For example, the network device 101 includes, but is not limited to, a next-generation base station (gnodeB, gNB) in 5G, an evolved node B (eNB) in an LTE system, a radio network controller (RNC), a node B (NB) in a WCDMA system, a wireless controller in a CRAN system, a base station controller (BSC), a base transceiver station (BTS) in a GSM system or a CDMA system, a home base station (e.g., home evolved nodeB, or home node B (HNB)), a baseband unit (BBU), a transmitting and receiving point (TRP), a transmitting point (TP), a mobile switching center or the like.

The network device 101 may send LP WUS due to different reasons to wake up the user equipment 102. However, the user equipment 102 may be unaware of the reason for being woken up, which may result in the user equipment 102 not making a response timely because of being unaware of the demand of the network device 101 after the user equipment 102 is woken up.

An embodiment of the present disclosure provides a method for transmitting indication information. FIG. 2 shows a method for transmitting indication information according to an embodiment, and as shown in FIG. 2, the method includes steps S201˜S202, specifically:

• • in step S201, the network device 101 sends the indication information to the user equipment (UE) 102, the indication information being configured to indicate UE behavior(s) of the UE after being woken up; and
  • in step S202, the UE 102 obtains the UE behavior(s) after being woken up based on the received indication information.

In some possible implementations, the network device 101 may wake up the UE 102 by sending an LP WUS.

In some possible implementations, before the UE 102 receives the LP WUS, a main receiver of the UE 102 is in a sleeping state, and the UE 102 employs a separate low-power receiver to monitor and receive the LP WUS. When the UE 102 receives the LP WUS, the main receiver of the UE 102 is woken up and enters into a working state, and the UE behavior(s) indicated by the indication information is performed.

The waking up of the UE 102 means that the main receiver of the UE 102 is switched from the sleeping state to the working state to perform operations such as sending and receiving of data.

In some possible implementations, the indication information may be sent separately via signaling other than the LP WUS. For example, the network device 101 sends Downlink Control Information (DCI) carrying the indication information to the UE 102.

In some possible implementations, the indication information is sent via the LP WUS. For example, the network device 101 sends the LP WUS carrying the indication information to the UE 102.

In some possible implementations, the network device 101 indicates the UE behavior(s) through the indication information, that is, the indication information may also indicate the reason why the network device 101 wakes up the UE 102. Therefore, the UE 102, upon receiving the indication information, may timely obtain the UE behavior(s) or the reason for waking up indicated by the network device 101, so that the UE may timely perform the relevant operation.

In the embodiment of the present disclosure, the network device 101 indicates the UE behavior(s) of the UE 102 after being woken up by the indication information sent, so that the UE 102 may obtain and perform the relevant UE behavior(s) timely after receiving the indication information, thereby better meeting the demand of the network device 101 and improving the communication efficiency.

An embodiment of the present disclosure provides a method for transmitting indication information.
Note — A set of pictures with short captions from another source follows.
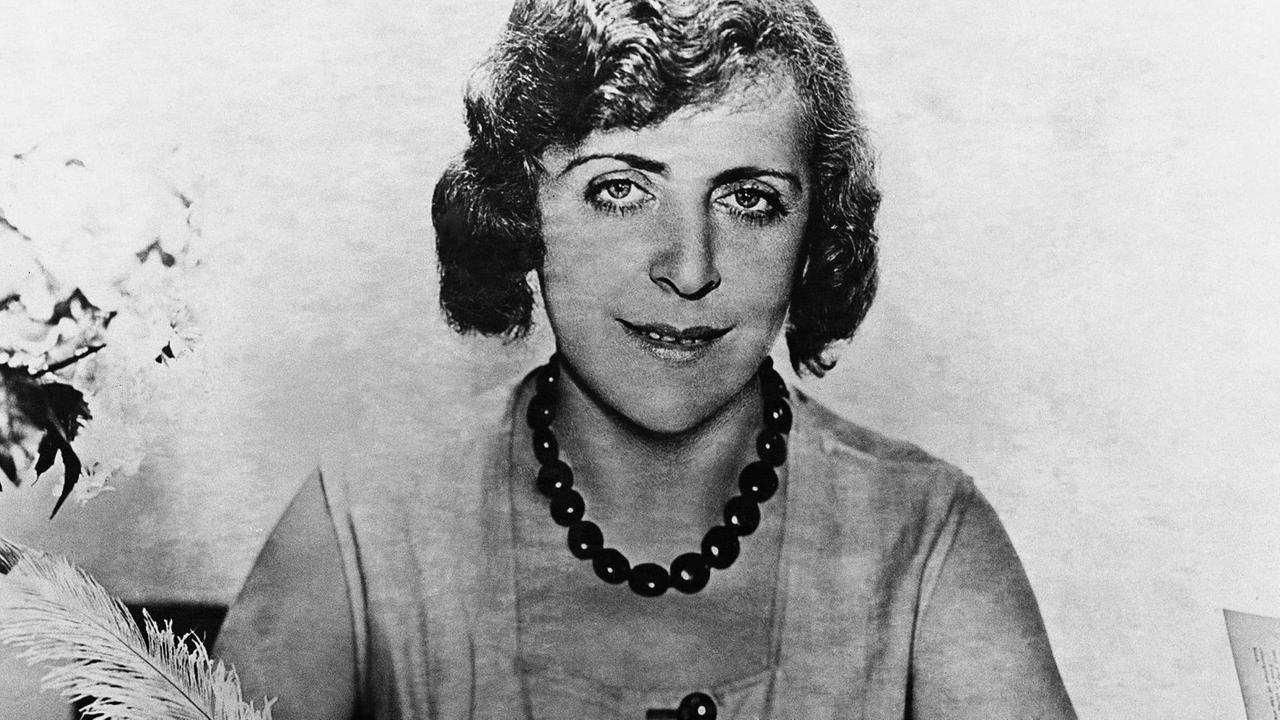 Vicky Baum 1931 in Hollywood, schreibt an einem Tisch mit einer Feder und guckt in Richtung Kamera. Vicky Baum 1931 in Hollywood, schreibt an einem Tisch mit einer Feder und guckt in Richtung Kamera.
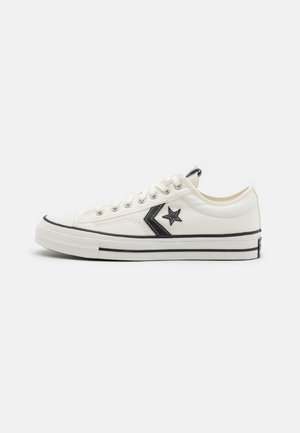 Baskets blanches en toile basse avec un logo étoile noire et un chevron, des lacets blancs et une semelle en caoutchouc rayée noire.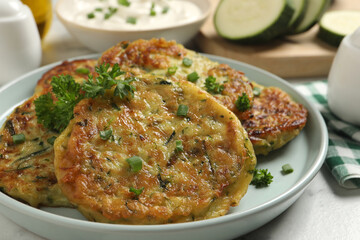 Delicious zucchini fritters served on table, closeup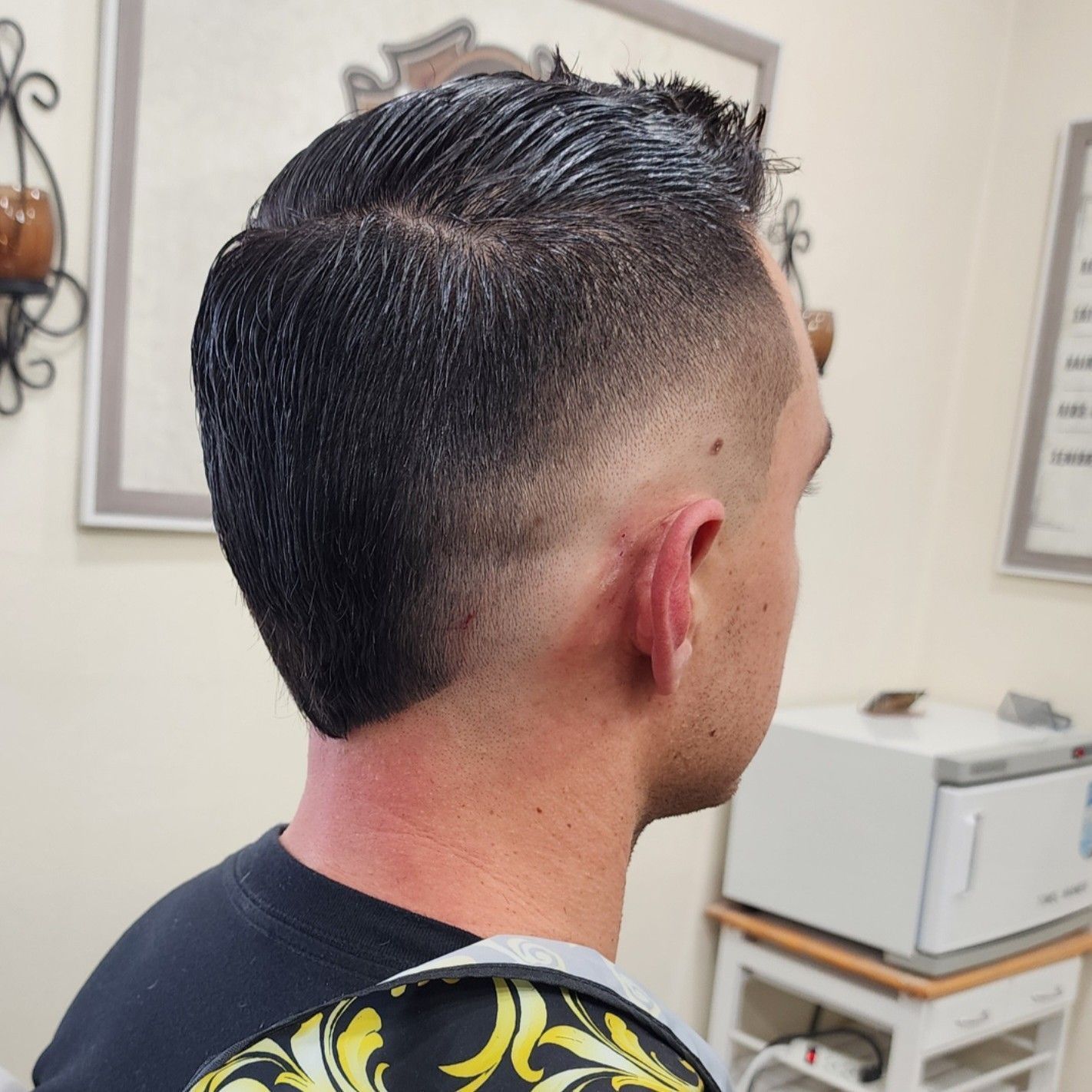 A person with a dark, short-sided fade haircut styled into a textured mohawk, viewed from the side in a salon setting.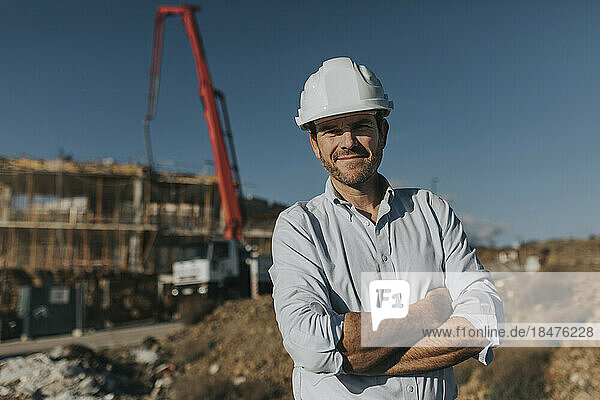 Lächelnder reifer Architekt mit Schutzhelm steht auf der Baustelle
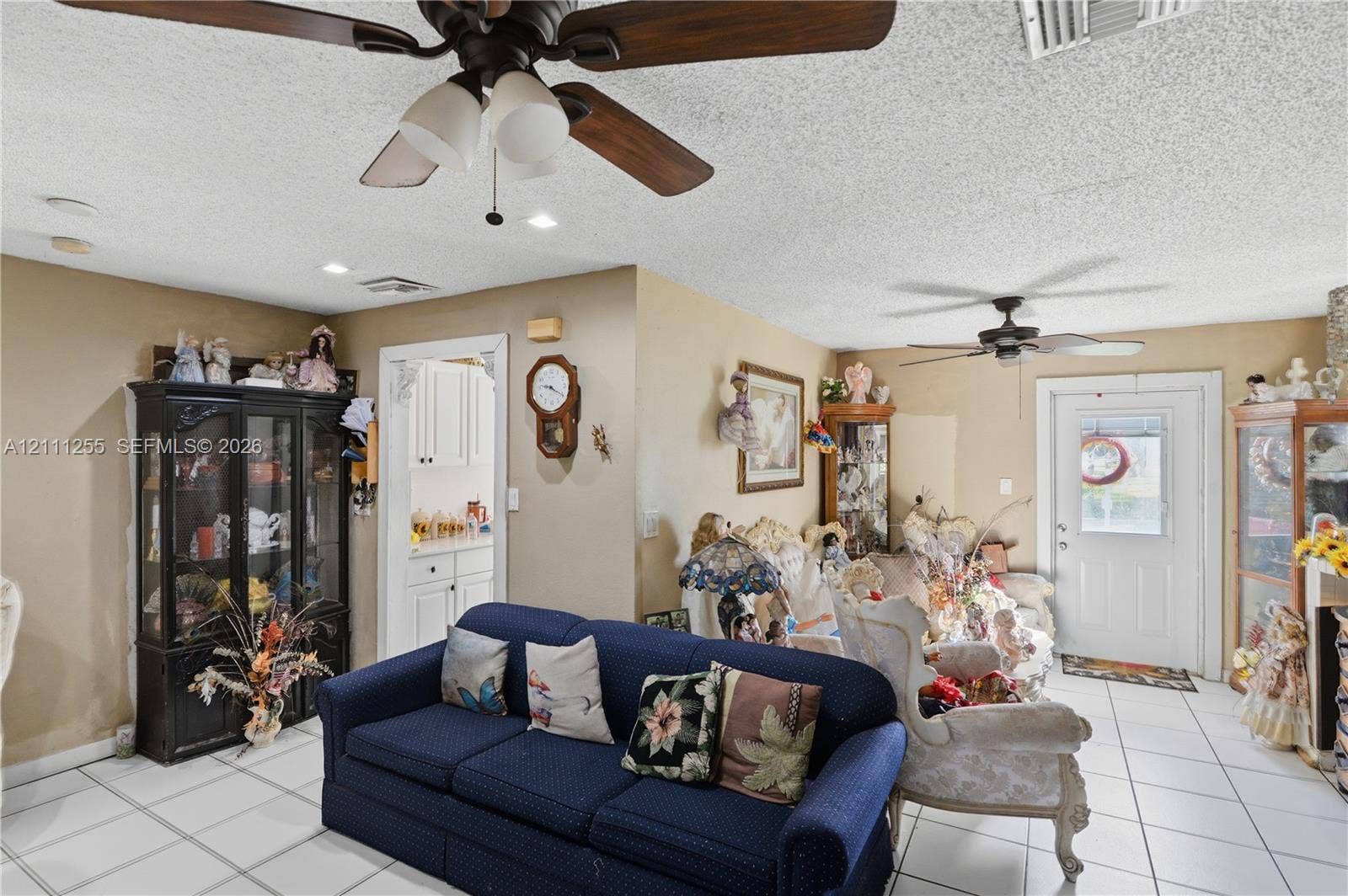 Neutral-toned interior featuring large-format ceramic tile flooring, two ceiling-mounted fans with light kits, and recessed lighting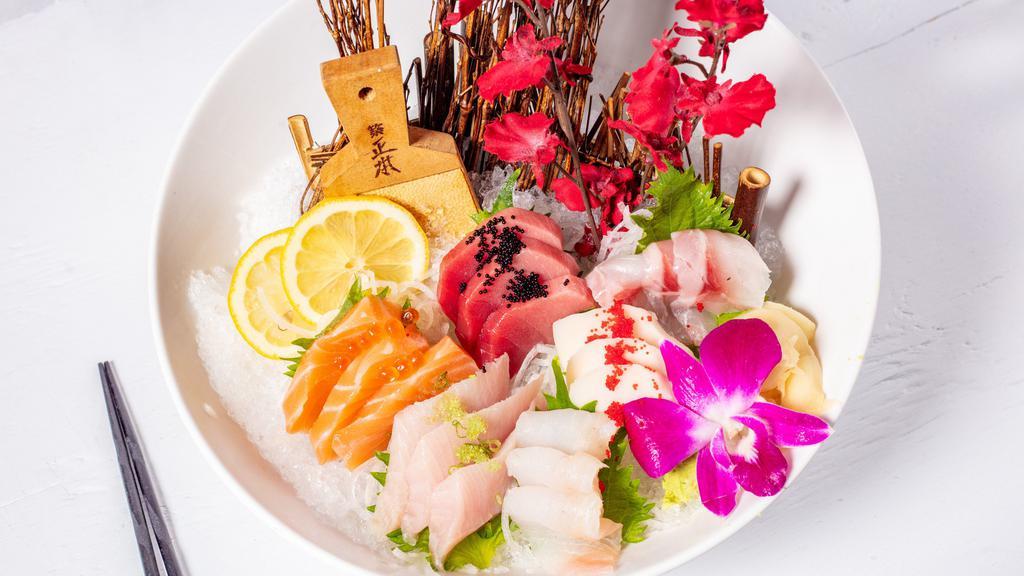 18 Piece Sashimi Deluxe · Served with miso soup or salad.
FIG. 3 shows a method for transmitting indication information according to an embodiment, and as shown in FIG. 3, the method includes steps S301˜S302, specifically:

• • in step S301, the network device 101 sends a low power wake up signal (LP WUS) to the user equipment (UE) 102, the LP WUS including the indication information, and the indication information being configured to indicate UE behavior(s) of the UE after being woken up; and
  • in step S302, the UE 102 switches from a sleeping state to a working state after receiving the LP WUS, and performs the corresponding UE behavior(s) according to the indication information.

In some possible implementations, the network device 101 carries the indication information in the LP WUS sent.

In some possible implementations, the LP WUS includes a bit for indicating the UE behavior(s).

In an example, 2 bits in the LP WUS are configured to indicate the UE behavior(s). For example, a value of 00 for the 2 bits corresponds to a first UE behavior, a value of 01 for the 2 bits corresponds to a second UE behavior, a value of 11 for the 2 bits corresponds to a third UE behavior, and a value of 10 for the 2 bits corresponds to a fourth UE behavior.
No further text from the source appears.